4. The support structure of claim 1, wherein the plurality of
second continuous resistive metal elements comprise a plurality of
metal filings.
5. The support structure of claim 1, wherein at least one of the
first and the second continuous resistive metal elements comprise a
continuous mesh.
6. The support structure of claim 1, wherein at least one of the
first and second continuous resistive metal elements is a
continuous mesh layer and at least a part of the continuous mesh
layer is attached to a surface of the insulating layer.
7. The support structure of claim 1, wherein the support structure
comprises a first support structure portion and a second support
structure portion and wherein at least one of the first and second
continuous resistive metal elements is a continuous mesh layer
located between the first support structure portion and the second
support structure portion.
8. The support structure of claim 1, wherein the insulating layer
is not electrically conductive.
9. An exhaust system comprising at least one emission treatment
component support structure according to claim 1.
10. A vehicle comprising at least one of the emission treatment
component support structures of claim 1.
Description
BACKGROUND
The present disclosure relates to an emission treatment component
support structure and, more particularly, but not exclusively, to
systems and methods related to emission treatment component support
structures for exhaust systems comprising means to heat the support
structure.
SUMMARY
The need for reduced engine emissions has led to engine exhaust
systems that comprise emission treatment components, such as
catalytic converters, particle filters and NOx traps.
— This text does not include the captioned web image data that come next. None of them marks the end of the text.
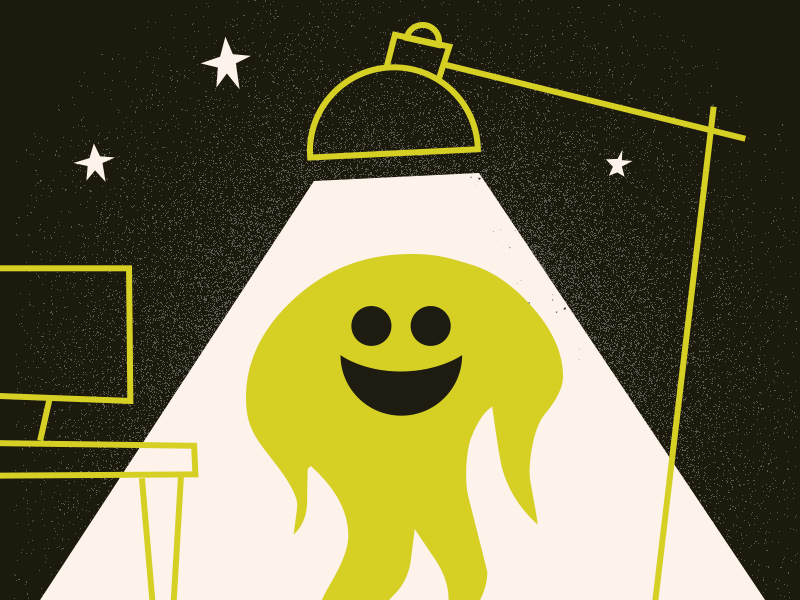 Happy / Halloween ghost ghostlight halloween happy illustration lamp light night scary workspace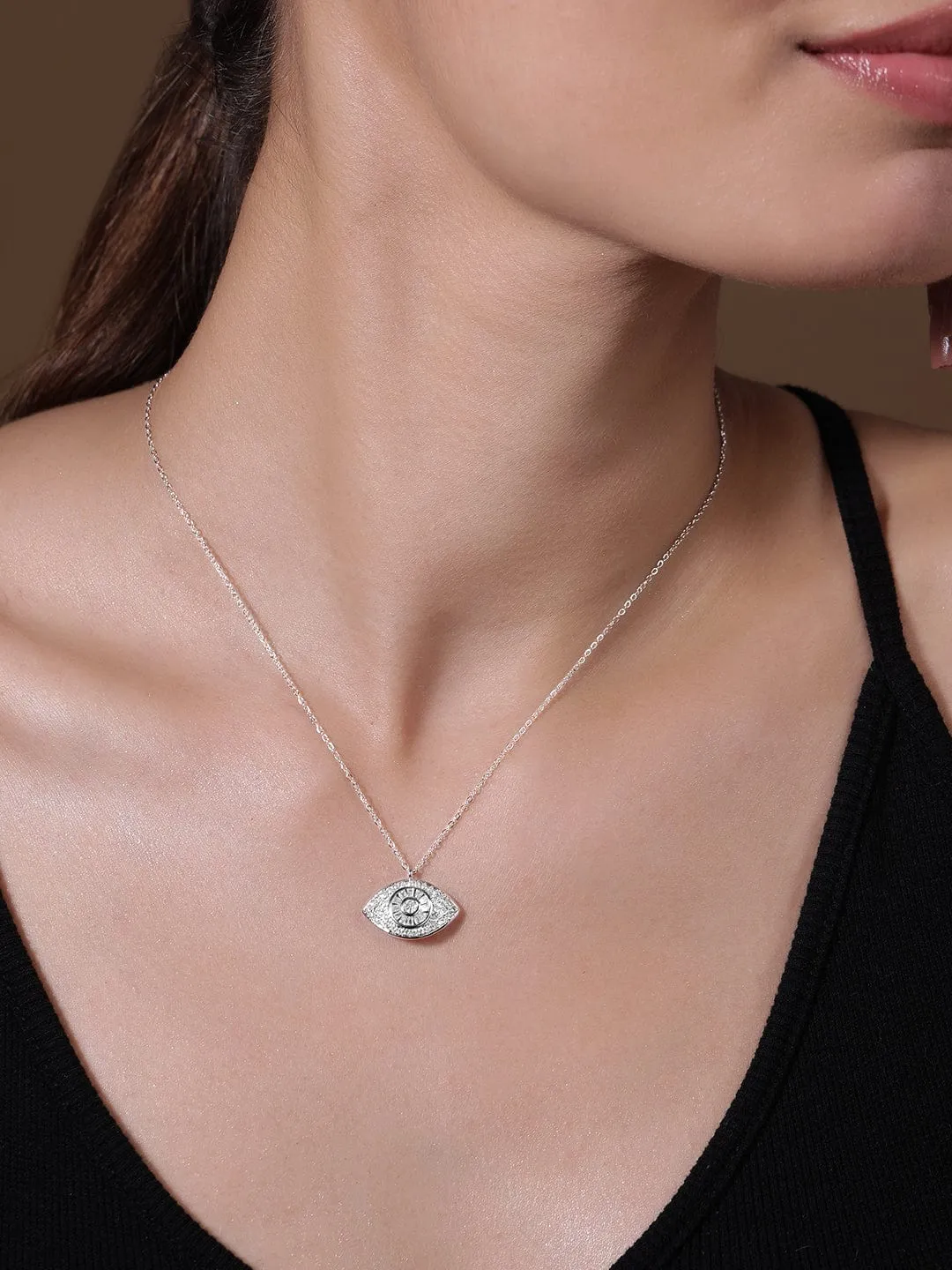 Rhodium-Plated Evil Eye Pendant Necklace with Pavé Cubic Zirconia Studded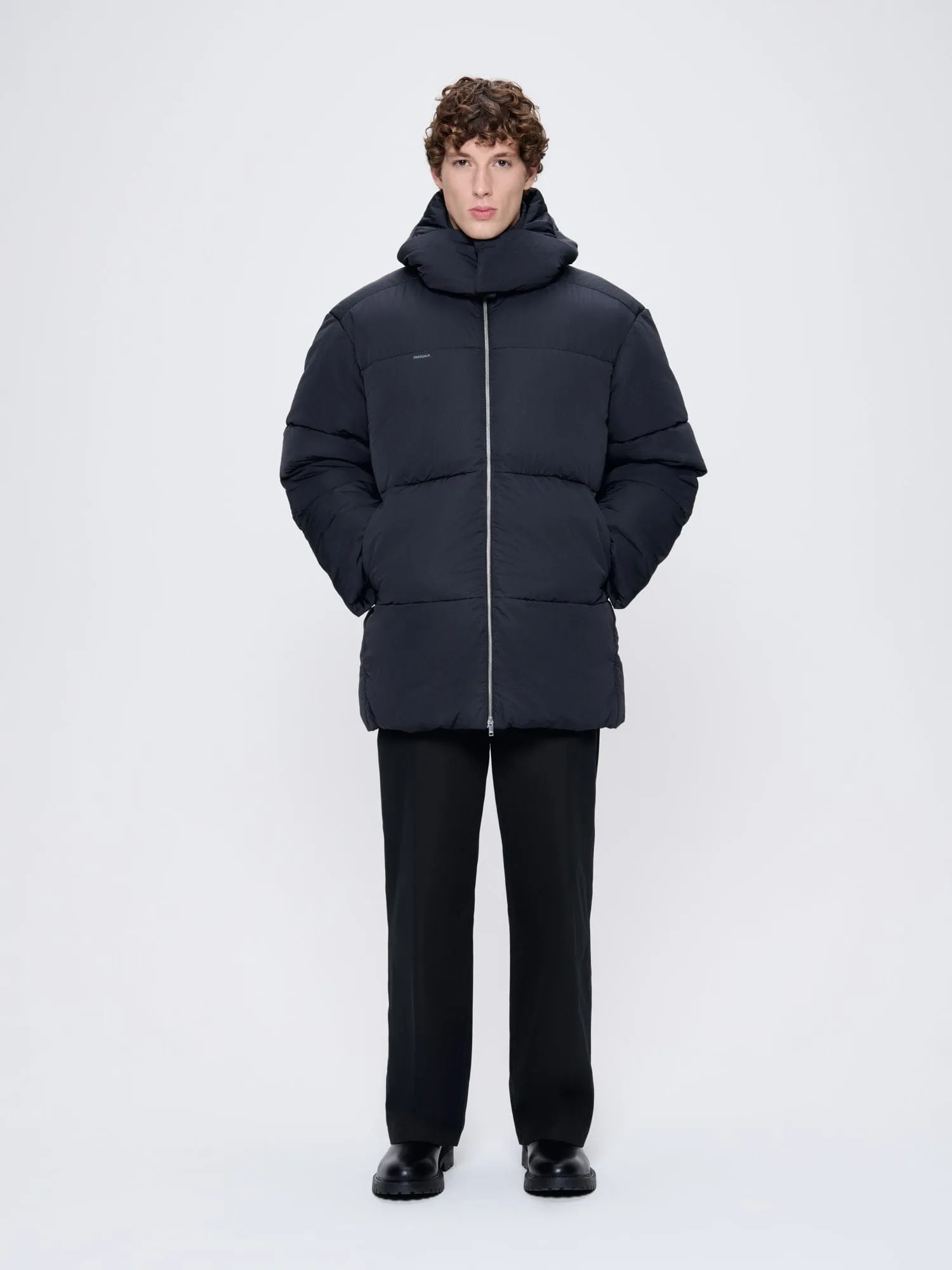 Archive Mens Flower-Warmth Recycled Nylon Long Puffer—black sold by Pangaia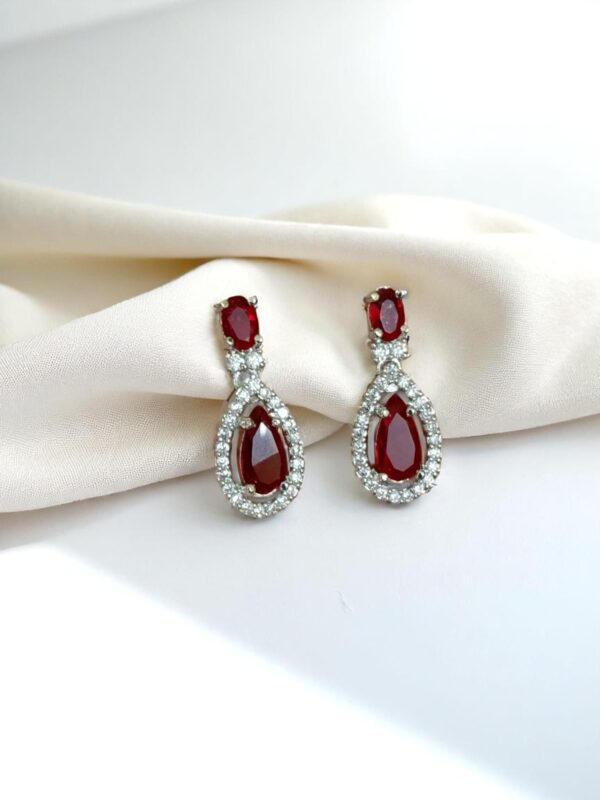 Red Ad Stone Premium Quality Earring Pair
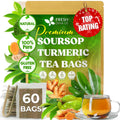 FreshDrinkUS, Premium 60 Soursop Turmeric Tea Bags, 100% Natural, Blend of Soursop Leaves, and Turmeric Root. No Sugar, Vegan.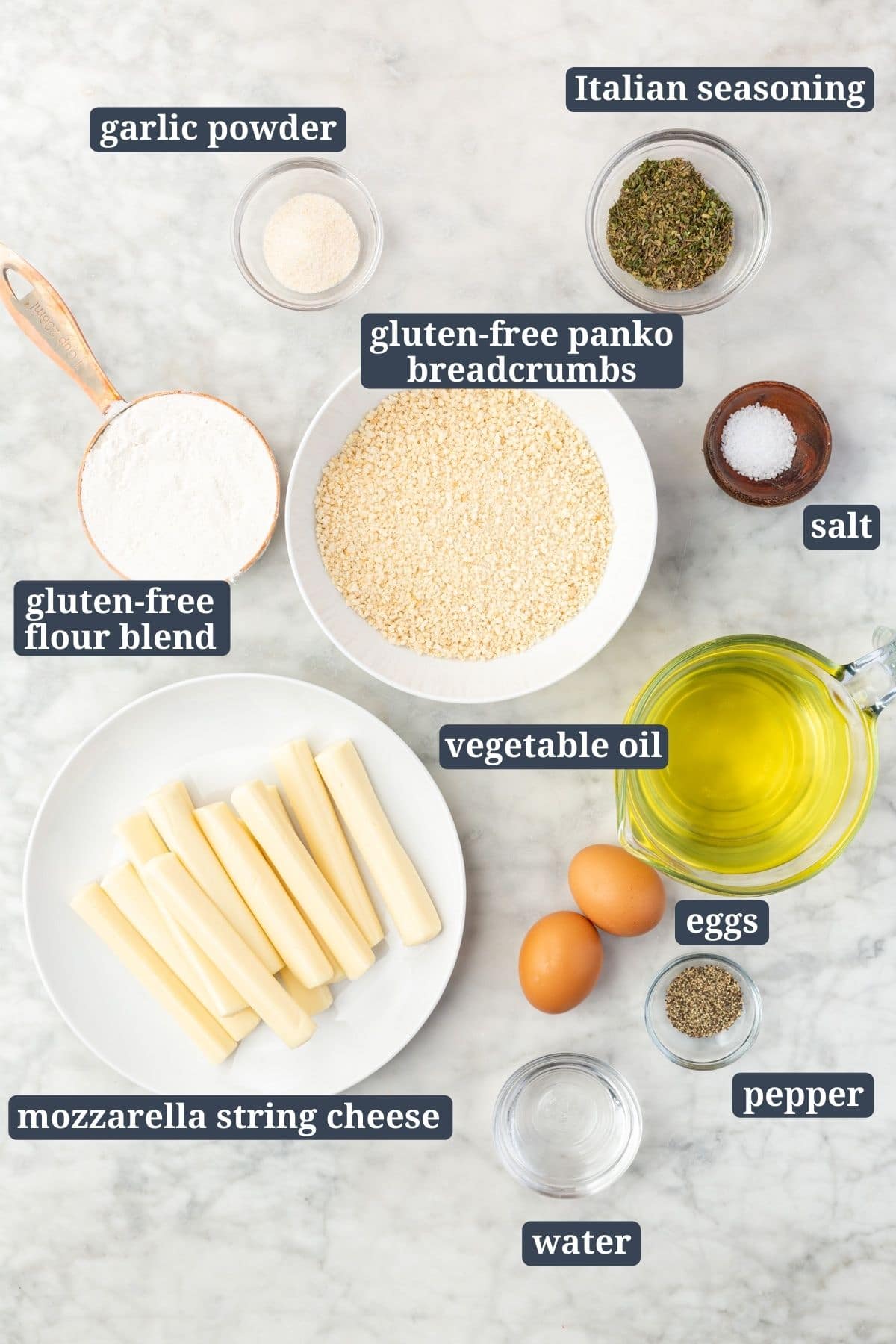 Ingredients for making gluten-free mozzarella sticks.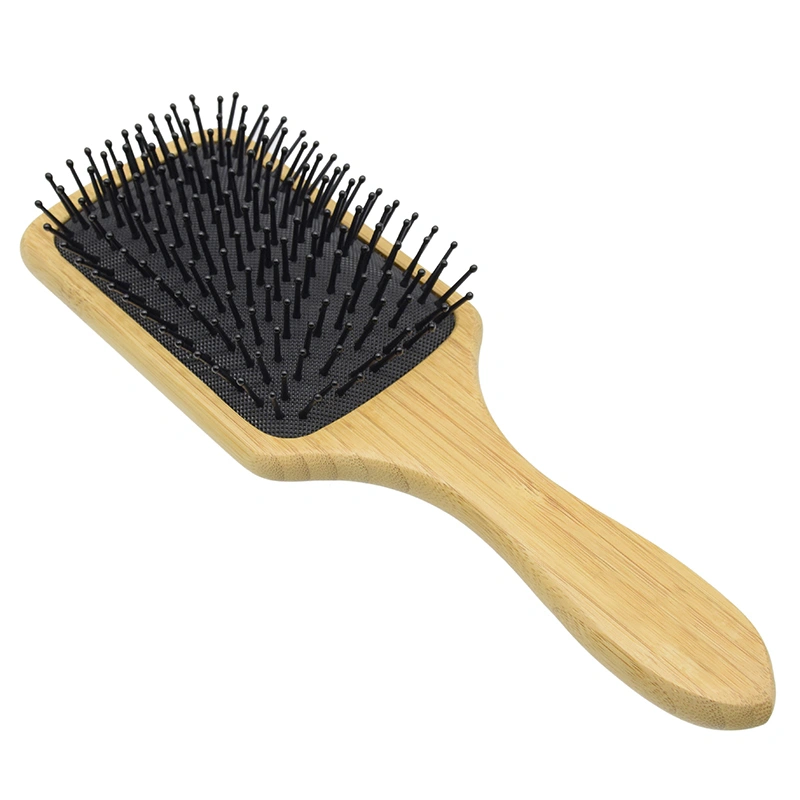 Natural Bamboo Wooden Paddle Hair Brush-Detangling Scalp Massage Hair Comb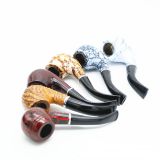 255mm Length short wooden resin medium tobacco pipe with Multi-color round head for smoking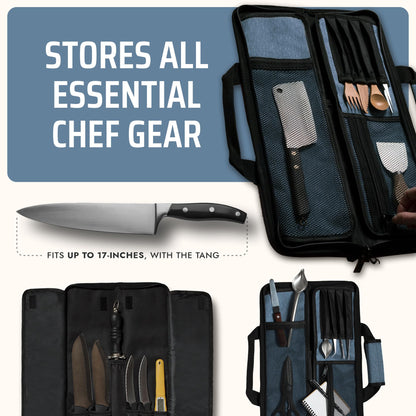 Asaya Chef Knife Roll Bag - 12-Pocket Chefs Case for Kitchen Knives and Utensils, Lightweight Stain-Resistant Waxed Nylon Chef Knife Bag - Knives Not Included (Blue)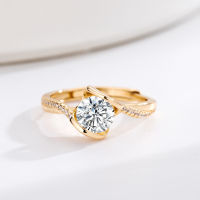 Hearts and Arrows เพทายกะรัตเลียนแบบแหล่งถ่ายทอดสด Bright Super Flash Moissanite Angel Kiss Champagne Gold Ring Women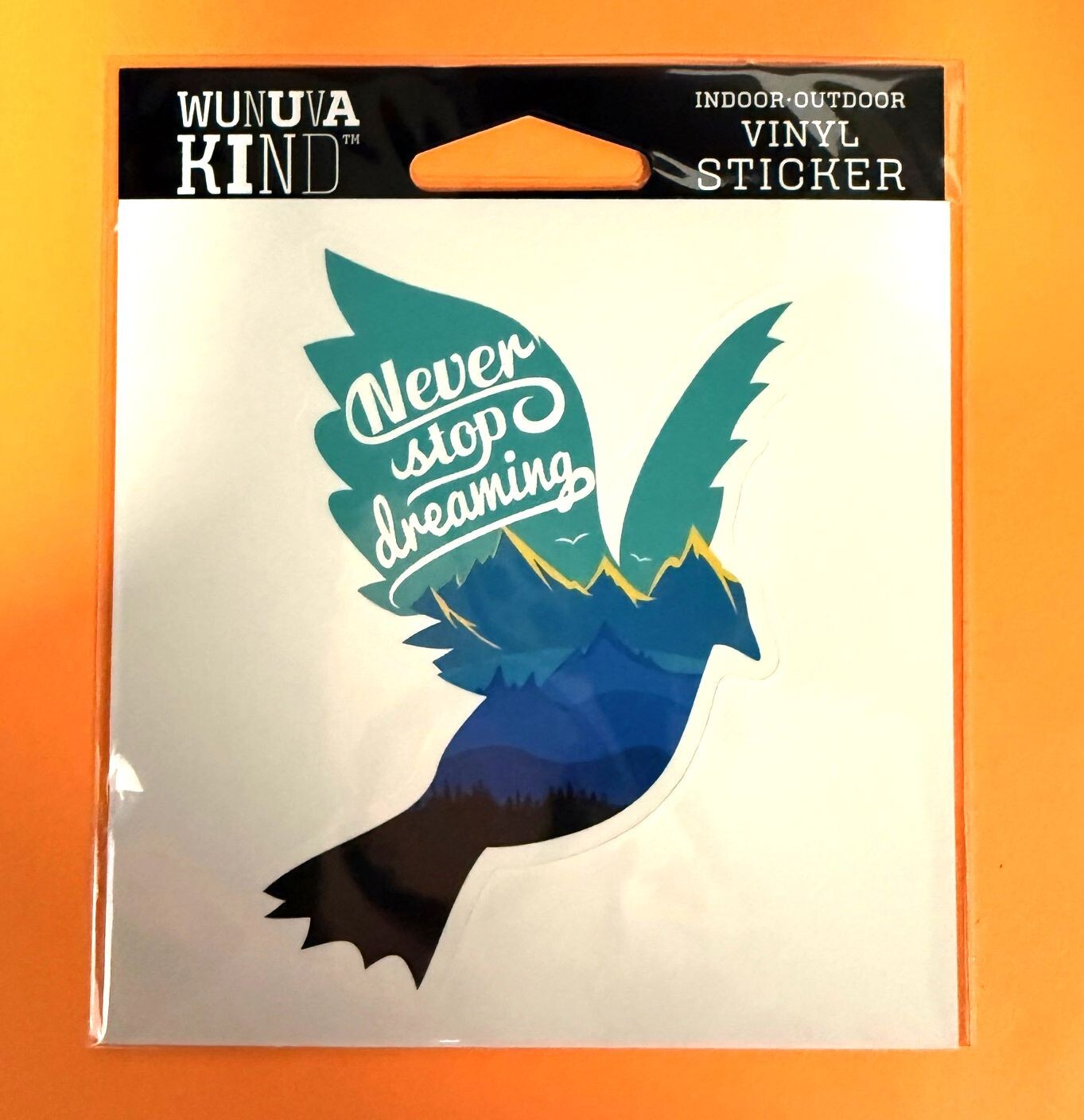 NEVER STOP DREAMING BIRD INSPIRATIONAL 4″ VINYL DECAL STICKER FREE SHIP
These
emission treatment components are located within a
structure/housing in the exhaust system, such as a can that is
designed to contain and direct exhaust gases over and/or through
the emission treatment component. A support structure, such as a
support mat, is typically used to hold the emission treatment
component in a desired location within the exhaust system (e.g.,
in-between the inner wall of a can and the surface of the emission
treatment component).
The performance of an emission treatment component is commonly
improved when the exhaust system is at a higher temperature or heat
is applied to the emission treatment component. For example, a
catalytic converter is more efficient at reducing pollutants at
higher temperatures, and particulates entrapped in a particle
filter can be burnt off by heating the particulate filter. However,
inclusion of a heater element for heating the emission treatment
component typically adds cost and increases complexity and the
package size of the exhaust system.
In view of the foregoing, the present disclosure provides an
emission treatment component support structure that improves the
performance of an emission treatment component supported thereby
and that is less complex and expensive than conventional
systems.
In accordance with a first aspect of the disclosure, there is
provided an emission treatment component support structure for an
exhaust system, the support structure comprising: an insulating
layer configured to support a substrate (and/or substrate assembly)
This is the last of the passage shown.